I’ve just finished reading chapter 2 of Zoom! The faster way to make your business idea happen and to use one of Ian Sanders favourite words it really “resonated” with me and my experiences with Kwwika.
Chapter 2 is entitled “The trouble with too much planning. How to unplan your business”. I’ve been following Ian for probably around three years now and for around the last two he’s been talking, tweeting, blogging and vlogging about unplanning your business.
I had tried to unplan Kwwika. The fact that it was a great idea, I had real passion for it and had a lot of potential to be used in many different ways unfortunately wasn’t enough for everybody involved. There had to be more of a business plan. This meant documents and spreadsheets. These documents and spreadsheets alone didn’t clearly show a massive turnover. But the spreadsheets were full of best guess estimates and didn’t take into account all the various possibilities and things that hadn’t even been thought of yet – how could they? Kwwika didn’t need a plan beyond the basics we already had in place. We had enough information to see that it was a great idea and had lots potential. What it needed was more faith, commitment* and belief in the idea.
*It would probably be better to say that the commitment needed re-focused since there was plenty of time, effort and money spent on the project.
Chapter 2 in Zoom! talks about a business idea needing a ‘why’ and a ‘who’. Why a business is needed and Who will make it happen. The Why for Kwwika has now been justified by services like Pusher, of which I’m now part, and the competitors PubNub and Beacon Push. There is absolutely no reason why Kwwika couldn’t still be running and competing too. The problem lies in the belief in the ‘why’ and the restrictive nature of the ‘who’, where a big part of the ‘who’ was me.

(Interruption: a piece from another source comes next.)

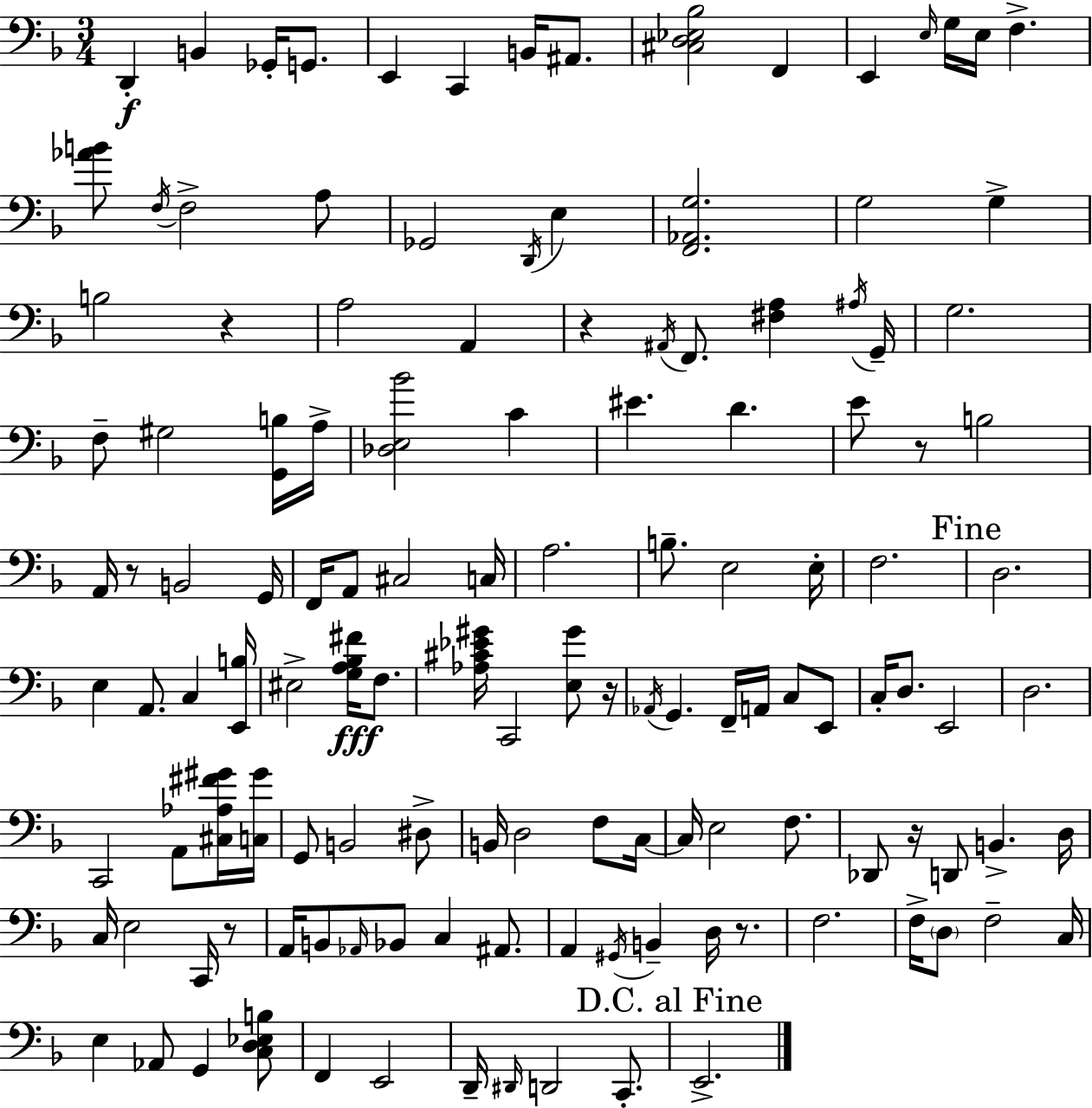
D2/q B2/q Gb2/s G2/e. E2/q C2/q B2/s A#2/e. [C#3,D3,Eb3,Bb3]/h F2/q E2/q E3/s G3/s E3/s F3/q. [Ab4,B4]/e F3/s F3/h A3/e Gb2/h D2/s E3/q [F2,Ab2,G3]/h. G3/h G3/q B3/h R/q A3/h A2/q R/q A#2/s F2/e. [F#3,A3]/q A#3/s G2/s G3/h. F3/e G#3/h [G2,B3]/s A3/s [Db3,E3,Bb4]/h C4/q EIS4/q. D4/q. E4/e R/e B3/h A2/s R/e B2/h G2/s F2/s A2/e C#3/h C3/s A3/h. B3/e. E3/h E3/s F3/h. D3/h. E3/q A2/e. C3/q [E2,B3]/s EIS3/h [G3,A3,Bb3,F#4]/s F3/e. [Ab3,C#4,Eb4,G#4]/s C2/h [E3,G#4]/e R/s Ab2/s G2/q. F2/s A2/s C3/e E2/e C3/s D3/e. E2/h D3/h. C2/h A2/e [C#3,Ab3,F#4,G#4]/s [C3,G#4]/s G2/e B2/h D#3/e B2/s D3/h F3/e C3/s C3/s E3/h F3/e. Db2/e R/s D2/e B2/q. D3/s C3/s E3/h C2/s R/e A2/s B2/e Ab2/s Bb2/e C3/q A#2/e. A2/q G#2/s B2/q D3/s R/e. F3/h. F3/s D3/e F3/h C3/s E3/q Ab2/e G2/q [C3,D3,Eb3,B3]/e F2/q E2/h D2/s D#2/s D2/h C2/e. E2/h.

One of the things that Gary Vaynerchuk talks about quite a bit is the importance of concentrating on what you are good at. If you’re not good at something, or if you know it could be done better by somebody else, then find that somebody else and get them to do it. This means you can focus on the things you are good at. We didn’t do this with Kwwika and it was partly my fault. It was my fault because I was on a good salary, knew the project was constantly under review and knew that at the start of 2012 I wanted to buy a home for my family. These all conflicted with how I should have approached Kwwika. My salary shouldn’t have been a salary at all. It should have been a budget to spend as required in order to give Kwwika a better chance of being successful.
Knowing, or admitting, you are not good at something can be a difficult thing. I’m actually reasonably open and honest about this. I think I know what my strengths and weaknesses are although I do try to put myself in situations which I’d say are outside of my comfort zone. One example of this is that I actually really enjoy working with others although I work from home so quite frequently have to work alone. Another is giving talks. Since a kid, and a particularly bad experience trying to give a talk about the football team I was captain of, I’ve never been too keen on giving talks or presentations. But I’m now trying to put myself in situations where I have to do this to get over this worry, increase my confidence and to try and improve as a person.